Management oversight of this totality must be an effective coordinator of disparate actors and roles. It must map the optimal coordination of platforms, methodologies and tools in order to discharge its responsibilities for the product and/or service life cycle. The diagram to the right describes the traditional change management role in the plan, execute, deliver and decommission life cycle.

Traditional BTEP service pattern


The command and control orientation of unified management may be what enables separate functions to work effectively together for the benefit of the organizational whole. But, beyond relatively small or well focused peer community implementations, partnerships and collaborations that grow to be megacommunities cannot be managed in this way.

Community members simply do not respond well to command and control; they may be driven by commitment to a common goal, but do not necessarily exhibit a common culture or behaviour.

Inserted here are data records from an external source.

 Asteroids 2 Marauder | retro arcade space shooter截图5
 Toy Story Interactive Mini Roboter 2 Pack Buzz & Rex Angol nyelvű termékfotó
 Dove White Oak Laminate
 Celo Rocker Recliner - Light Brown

They need community-endorsed platforms to enable their dialogue, but also need their own capacity to manage the content they have committed to. This separation of community platform governance from member content management is more abstract than the traditional management of functions, but it better protects a community's innovative capacity, integrity and privacy.

To achieve this separation, communities need to deploy technology as a strategic enabler. For technology to be effective in this way, the entire product or service life cycle needs to be architected, as shown to the left, at least as a collective, but preferably as a unified process. This means that expert practitioners in different parts of an organization or community will no longer be free to select and deploy their own approaches to governance and platforms, methodologies and tools: they will all need to recognize and work within the larger system and deploy components that are compatible with it, and operate as part of a new interdependent whole.

 



Alternative BTEP perspective

Infrastructure Design

But the shift from vertical to horizontal also introduces other challenges. As the number of participants increase, the stability of community infrastructures tends to decrease. The shortening of the stable state of infrastructures eventually leads to traditional change management processes becoming inoperable.

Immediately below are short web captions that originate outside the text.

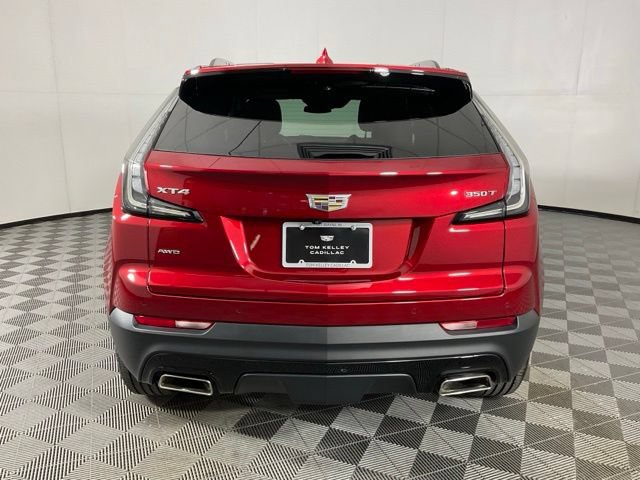 Used 2022 Cadillac XT4 Sport AWD/4WD image 5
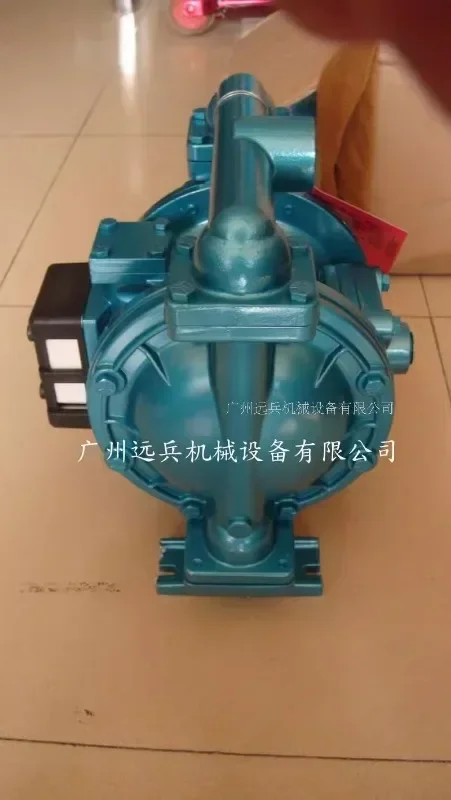 Поставка мембранного насоса из алюминиевого сплава резины SKYLINK LS25 AA-AA-NE-PP-NE-00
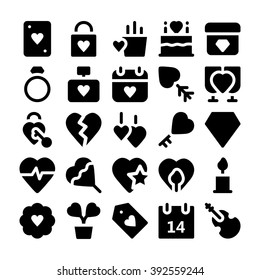 Love & Romance Vector Icons 3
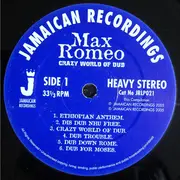 LP - Max Romeo - Crazy World Of Dub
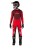 BLUZA FOX FLEXAIR OPTICAL FLUO RED S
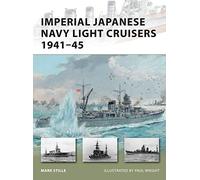 Cruceros ligeros de la Armada Imperial Japonesa 1941-45: 187 (New Vanguard) – Osprey Publishing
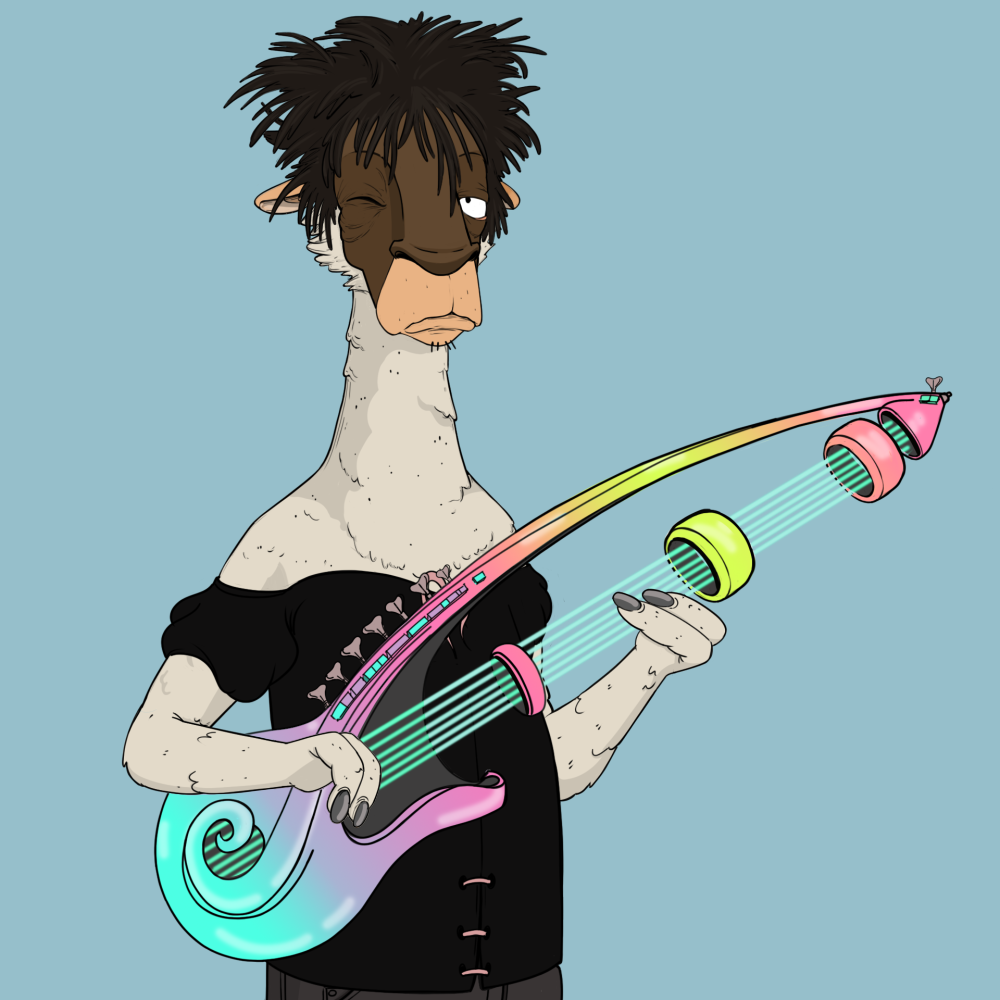 Jammin' Alpacas #6176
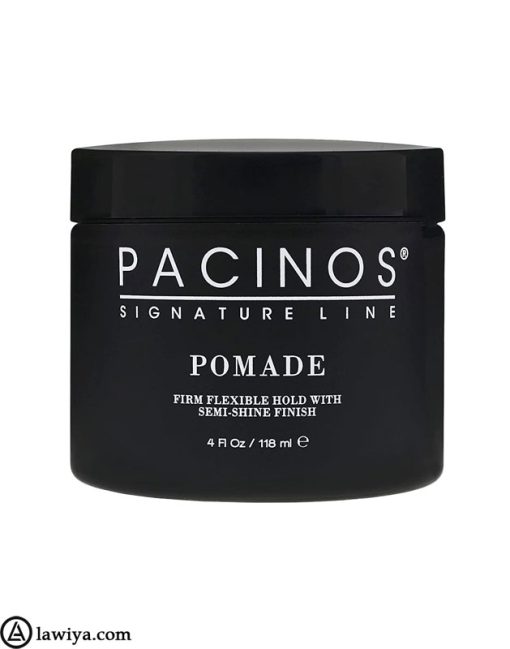 ژل مو نگهداری محکم پاسینوس مدل Pacinos Pomade - Firm Hold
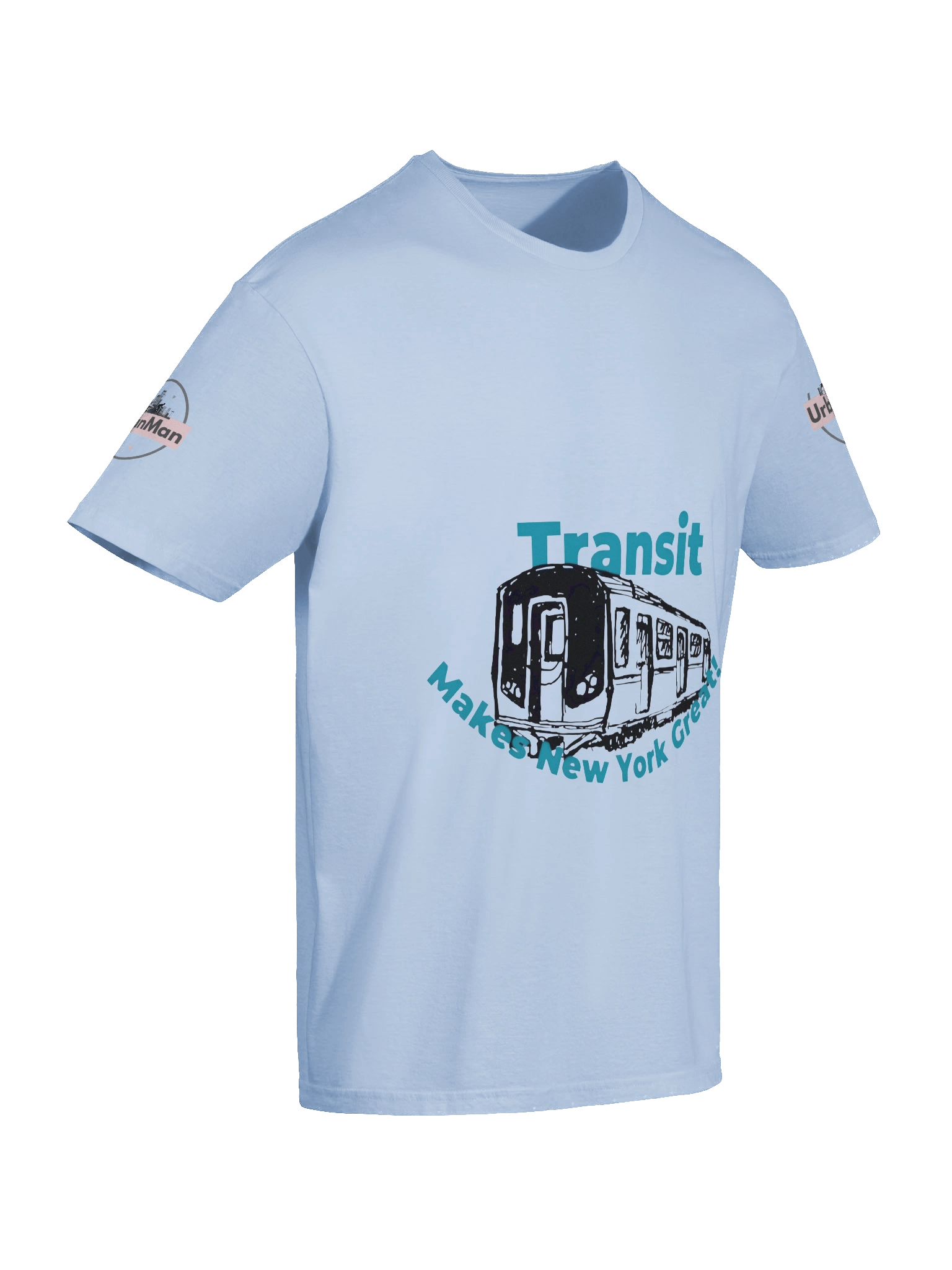 "Transit Makes New York Great" Gildan Unisex Softstyle T-Shirt product image (10)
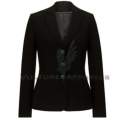Women Black Party Wear Blazer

When the time taken to effect change is longer than the stable state of the infrastructure, change management costs rise and alternative means of maintaining the viability of communities and their services must be found. When this state of affairs is experienced, change is no longer part of the macro-agenda. It becomes part of a micro-agenda needing to be addressed on an ongoing and continuous basis. The life cycle speeds up: planning, provisioning and service delivery need direct interfaces: and planners, designers and providers need to become an integral part of that continuum. The real agenda will move from the separate management of design and operations to the integral management of the entire life cycle.

Process and service innovation will become critical, especially in megacommunities. The separate and incremental deployment model will need to be replaced by one where the planner, designer and provider roles connect with continuous integrity.

Methodologies, processes and tools that may have been optional in the management of traditional organizations, will become necessary for the effective governance of communities, especially in the 'highly important' situations described in the diagram on the right.